* _WORK INSTRUCTION_: Below are records with pictures in them. Output exactly the lines from the one with "Blauwe witte golven" through the one with "Sterntaler Chaussures en", both included, and leave every picture out; give only those lines.

* _TASK DATA_:
--

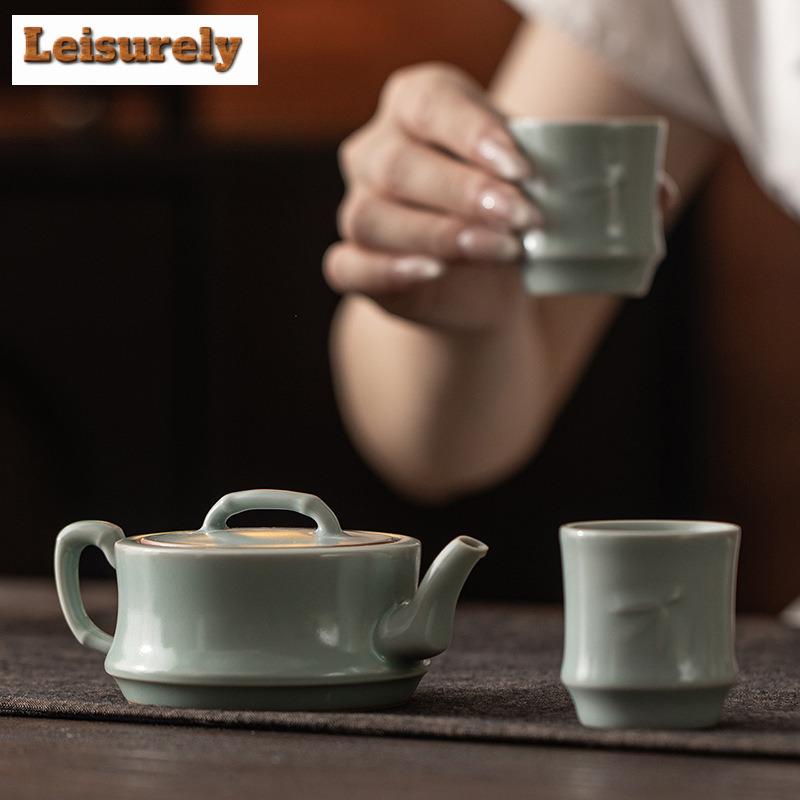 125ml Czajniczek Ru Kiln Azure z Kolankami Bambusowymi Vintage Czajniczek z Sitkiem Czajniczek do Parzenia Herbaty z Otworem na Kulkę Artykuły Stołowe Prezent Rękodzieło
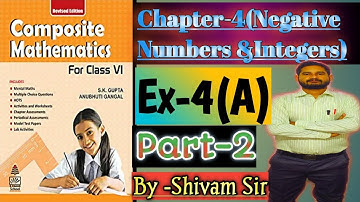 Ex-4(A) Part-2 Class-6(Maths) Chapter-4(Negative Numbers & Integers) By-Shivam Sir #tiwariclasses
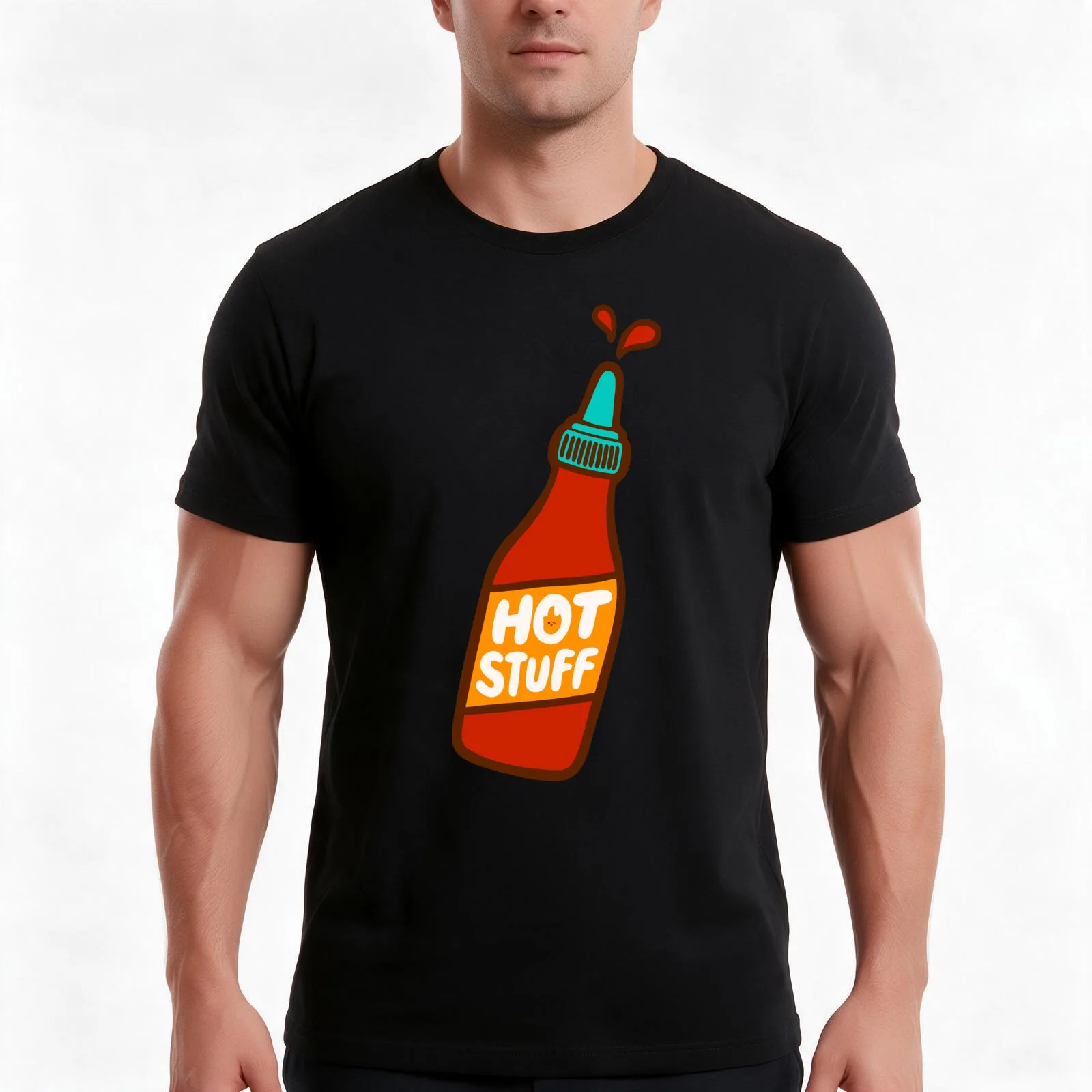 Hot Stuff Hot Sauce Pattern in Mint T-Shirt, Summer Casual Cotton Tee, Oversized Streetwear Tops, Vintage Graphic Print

--

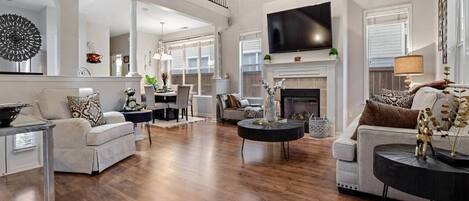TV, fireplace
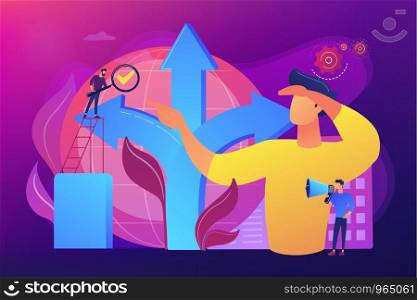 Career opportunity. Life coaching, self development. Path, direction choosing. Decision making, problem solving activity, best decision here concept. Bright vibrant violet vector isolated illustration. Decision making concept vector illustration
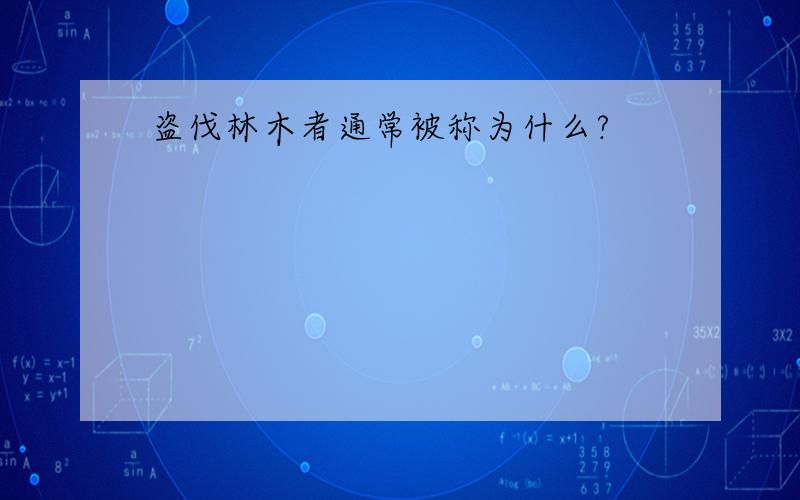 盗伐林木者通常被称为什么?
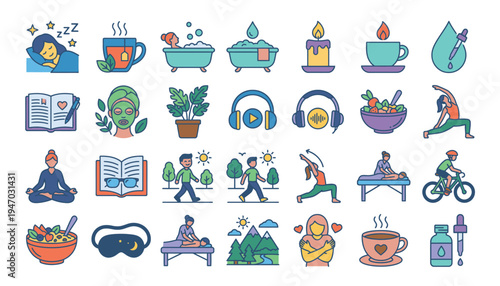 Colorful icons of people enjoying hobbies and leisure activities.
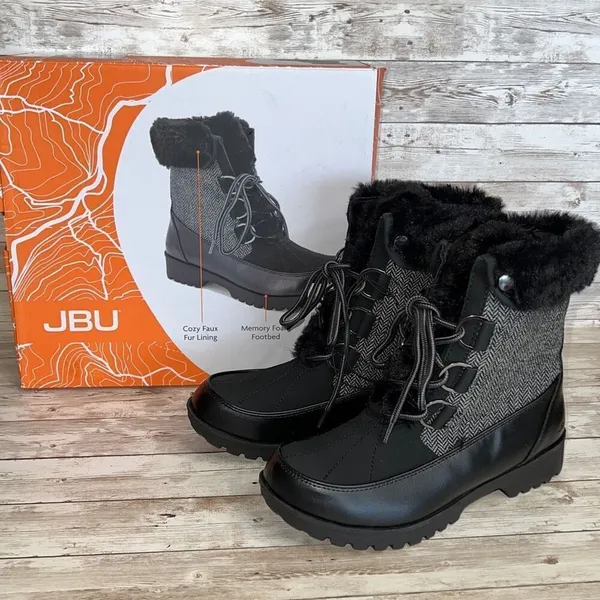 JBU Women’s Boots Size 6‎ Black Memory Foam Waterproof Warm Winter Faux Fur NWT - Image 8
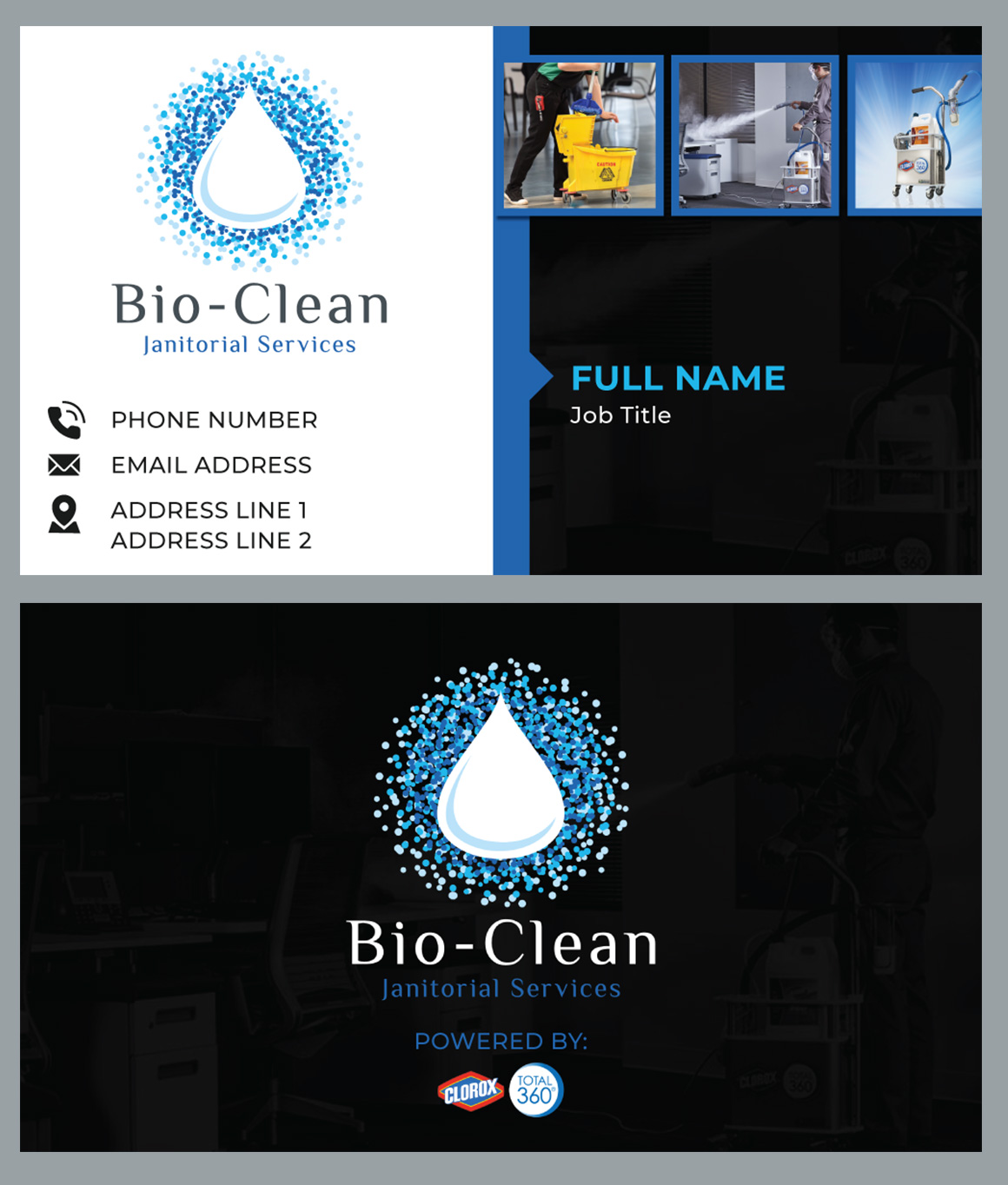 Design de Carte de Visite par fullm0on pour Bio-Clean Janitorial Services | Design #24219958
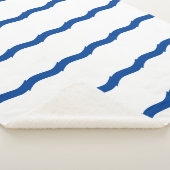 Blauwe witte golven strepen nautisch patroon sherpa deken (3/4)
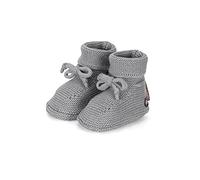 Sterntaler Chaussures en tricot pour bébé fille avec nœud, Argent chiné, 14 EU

--

* _RESULT_:
 Blauwe witte golven strepen nautisch patroon sherpa deken (3/4)
 Sterntaler Chaussures en tricot pour bébé fille avec nœud, Argent chiné, 14 EU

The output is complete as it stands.